Les enseignants apprennent à fonctionner davantage avec d’autres outils d’évaluation que les examens formels.»
Croyez-vous que l’Extended Programme sera vraiment une solution pour aider ces enfants à trouver un emploi par la suite ?
Vous avez raison d’employer le mot « enfants » car c’est ce qu’ils sont encore. Redonnons-leur l’enfance, le goût de l’étude et la joie d’apprendre. Il ne s’agit pas encore d’emploi. Pas immédiatement. Ce n’est pas le but. L’orientation professionnelle viendra plus tard où en tant qu’ados dûment avertis et outillés, ils pourront vraiment être en position de choisir. Le ministère travaille en ce moment sur un projet d’information sur le secteur TVET. Ce projet contient de belles orientations qui pourraient intéresser encore plus de jeunes Mauriciens, dont ces enfants.
Y a-t-il un suivi avec les élèves après les heures de classe ?
Il y a des cours d’éducation sportive. Mais pour l’instant, toute l’attention se focalise sur l’utilisation optimale des heures de classe : l’intégration des enfants dans la structure scolaire, leur découverte (ou plutôt redécouverte) des matières et un apprentissage de la discipline (ou des disciplines). Il va de soi que le temps disponible après les heures de classe devrait être davantage utilisé dans le futur.
Décrivez-nous les possibilités d’études pour un élève suivant l’Extended Programme ?
Un manuel a été produit l’année dernière pour décrire les trois filières possibles au bout des neuf années d’éducation de base (dix pour l’Extended Programme). Il s’agira de poursuivre les études dans le même collège ou d’aller vers le technique ou encore de rejoindre une académie si le niveau de l’élève le permet.
Qu’en est-il de la formation des enseignants ? Cela se fait-elle sur une base régulière ?
C’est une de nos grandes satisfactions. Je pense que l’Extended Programme pourrait inspirer les autres de ce point de vue. Comme dans tous les domaines difficiles, la santé par exemple, les soins aux plus affectés peuvent éventuellement inspirer les biens portants.
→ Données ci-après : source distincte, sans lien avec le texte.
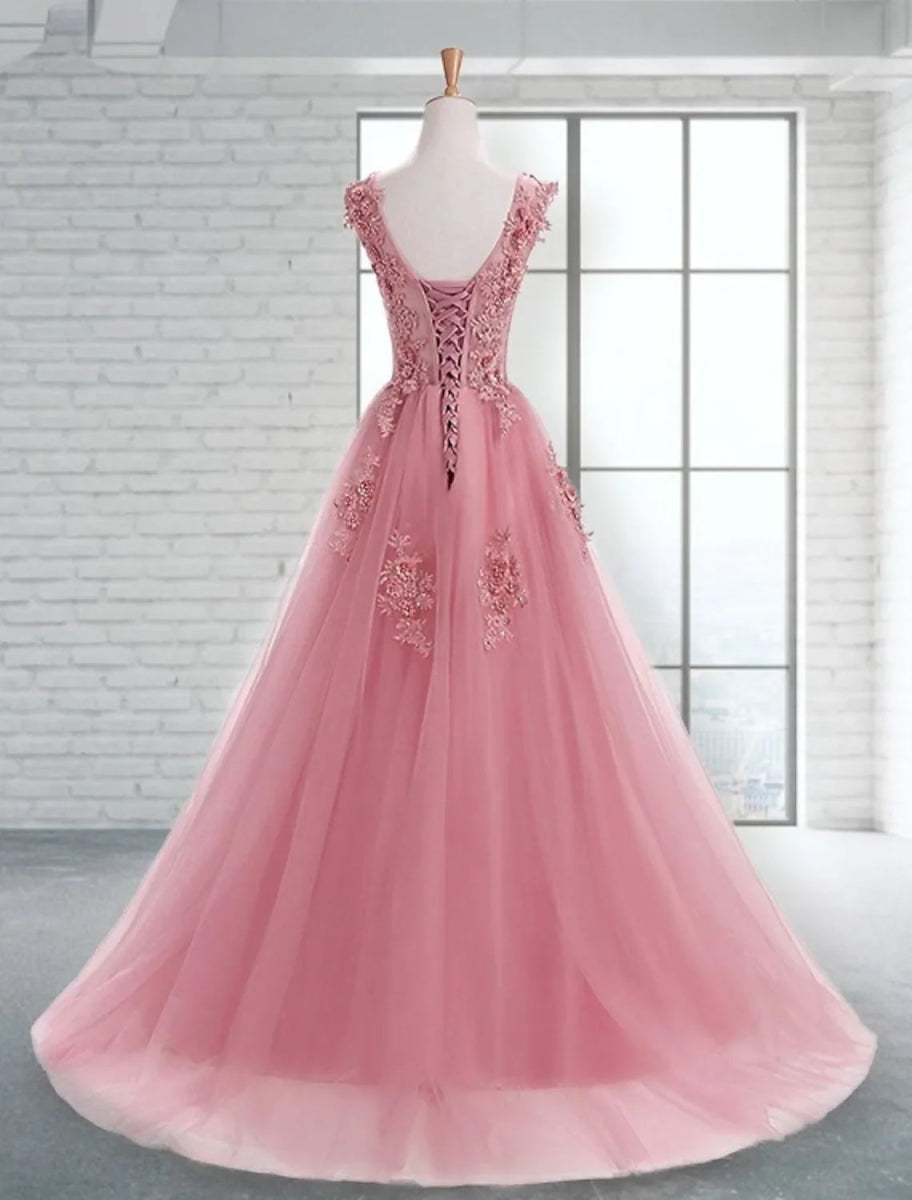 NumberSea - A - Line Prom Dresses Elegant Dress Wedding Guest Sweep / Brush Train Sleeveless Jewel Neck Tulle with Appliques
Un « facilitateur » a été désigné pour prendre en charge l’enfant en difficulté et l’aider dans la poursuite de ses études. Cette personne coordonne le travail dans le collège que supervise étroitement la direction (recteur ou Deputy Rector) en concertation avec le ministère et le Mauritius Institute of Education.
Aujourd’hui, le Mauritius Examinations Syndicate (MES) vient compléter cette collaboration. Il faut dire que cette année charnière qu’a été 2018 nous a permis de constater de visu le progrès accompli par tous : élèves mais aussi enseignants, dirigeants et formateurs. Dans cette jungle que représente cet échec pérenne de notre système (3 000 élèves par an pour diverses raisons), la réintégration de nos enfants dans le cursus s’effectue de mieux en mieux.
De nombreux exemples de réussite, tant dans les collèges d’État que dans les établissements privés, nous démontrent que les éducateurs mauriciens sont capables de sortir des sentiers battus pour venir en aide aux enfants et trouver par eux-mêmes des solutions qu’ils partageront ensuite à travers ses « Communautés de Pratique » qui se réunissent chaque trimestre sur une base régionale. Les enseignants apprennent à fonctionner davantage avec d’autres outils d’évaluation que les examens formels et beaucoup plus précis (le Secondary School Readiness ainsi qu’un Progress Report basé sur des compétences précises et individuelles par exemple).